Begin your copy at the line with "タホ 中古車 ジモティー" in the records below and end it at the line with "Frisco PSS Self", restating each line word for word; omit the pictures.

* EXERCISE MATERIAL:
◆ ◆ ◆ ◆
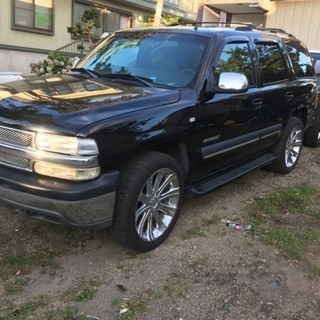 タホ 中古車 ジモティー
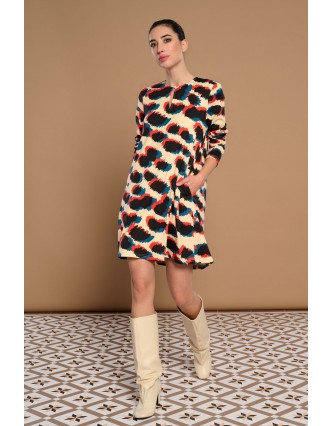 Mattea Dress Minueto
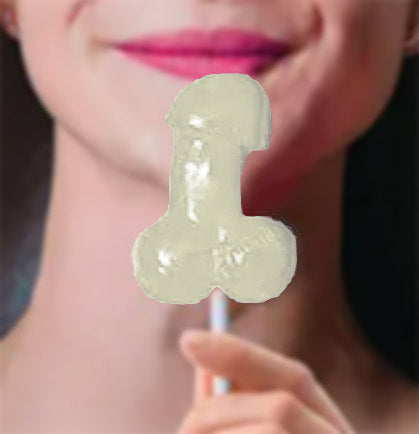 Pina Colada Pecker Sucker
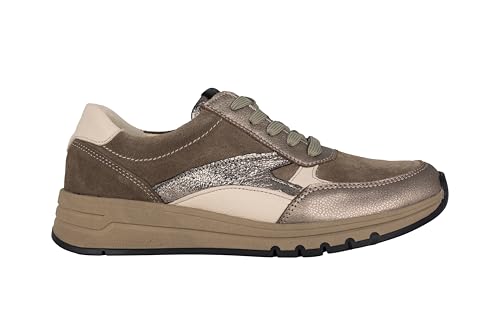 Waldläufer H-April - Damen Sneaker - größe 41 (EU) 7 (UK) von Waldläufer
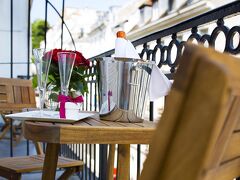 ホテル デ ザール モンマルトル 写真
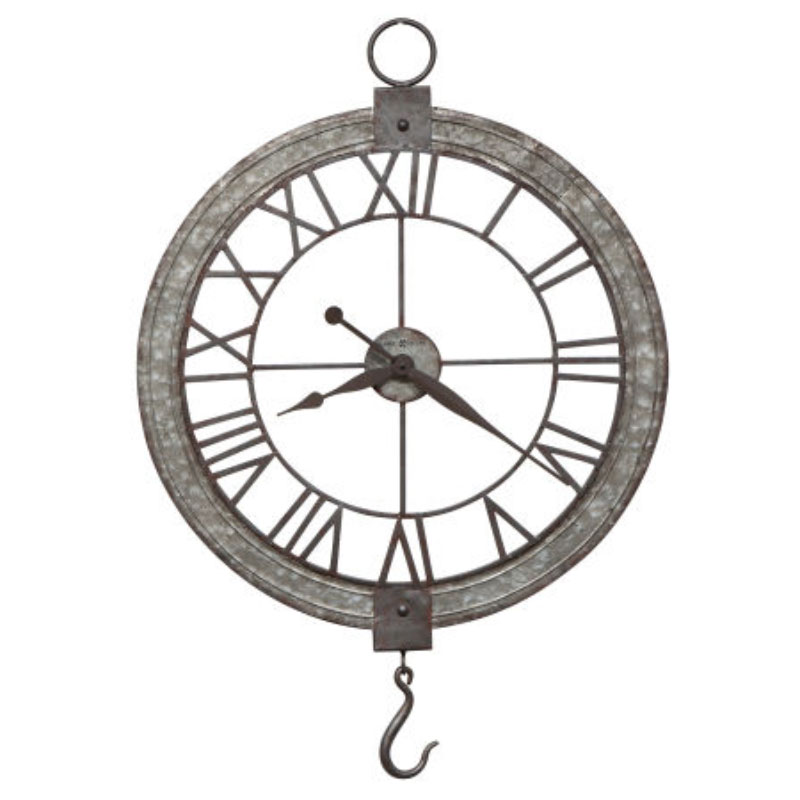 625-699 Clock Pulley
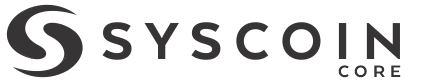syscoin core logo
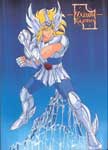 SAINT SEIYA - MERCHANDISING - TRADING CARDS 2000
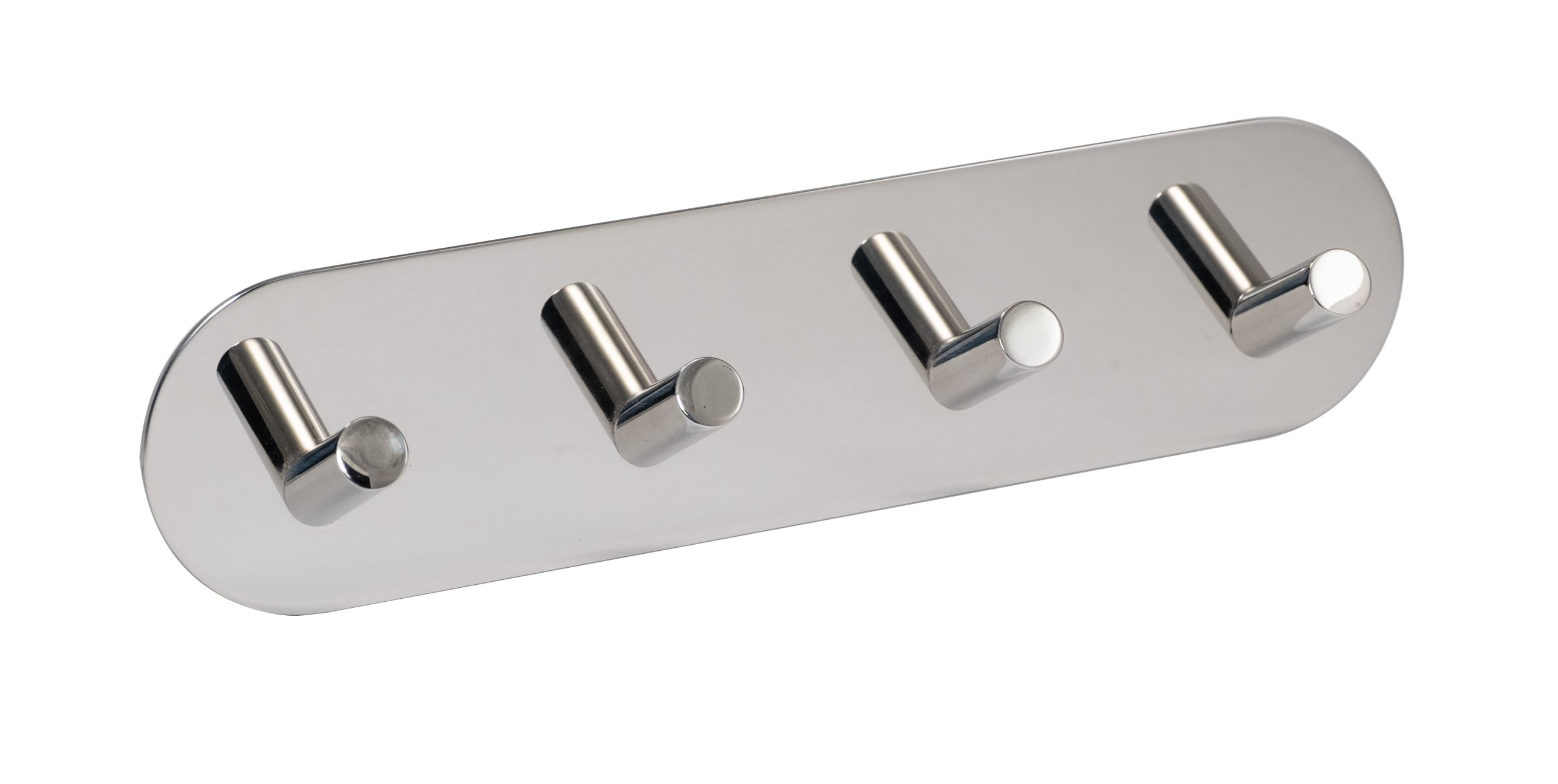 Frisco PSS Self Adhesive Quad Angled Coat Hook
◆ ◆ ◆ ◆
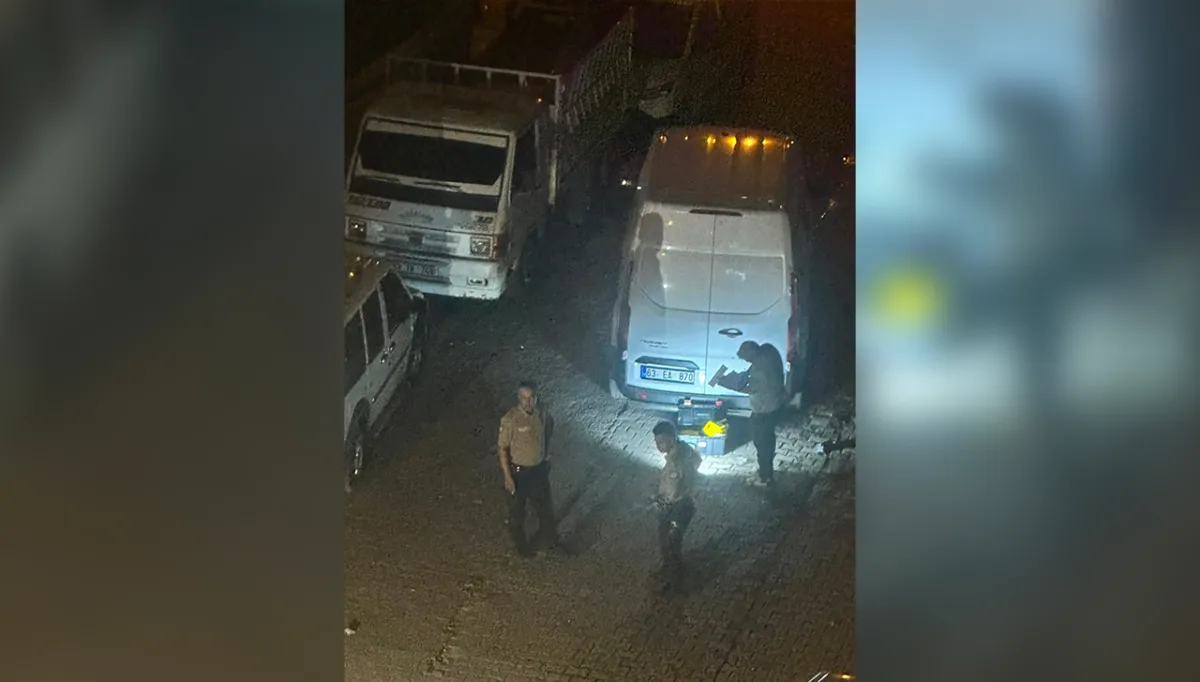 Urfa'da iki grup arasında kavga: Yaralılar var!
◆ ◆ ◆ ◆
* SOLUTION TO THE PROBLEM:
 タホ 中古車 ジモティー
 Mattea Dress Minueto
 Pina Colada Pecker Sucker
 Waldläufer H-April - Damen Sneaker - größe 41 (EU) 7 (UK) von Waldläufer
 ホテル デ ザール モンマルトル 写真
 625-699 Clock Pulley
syscoin core logo
 SAINT SEIYA - MERCHANDISING - TRADING CARDS 2000
 Frisco PSS Self Adhesive Quad Angled Coat Hook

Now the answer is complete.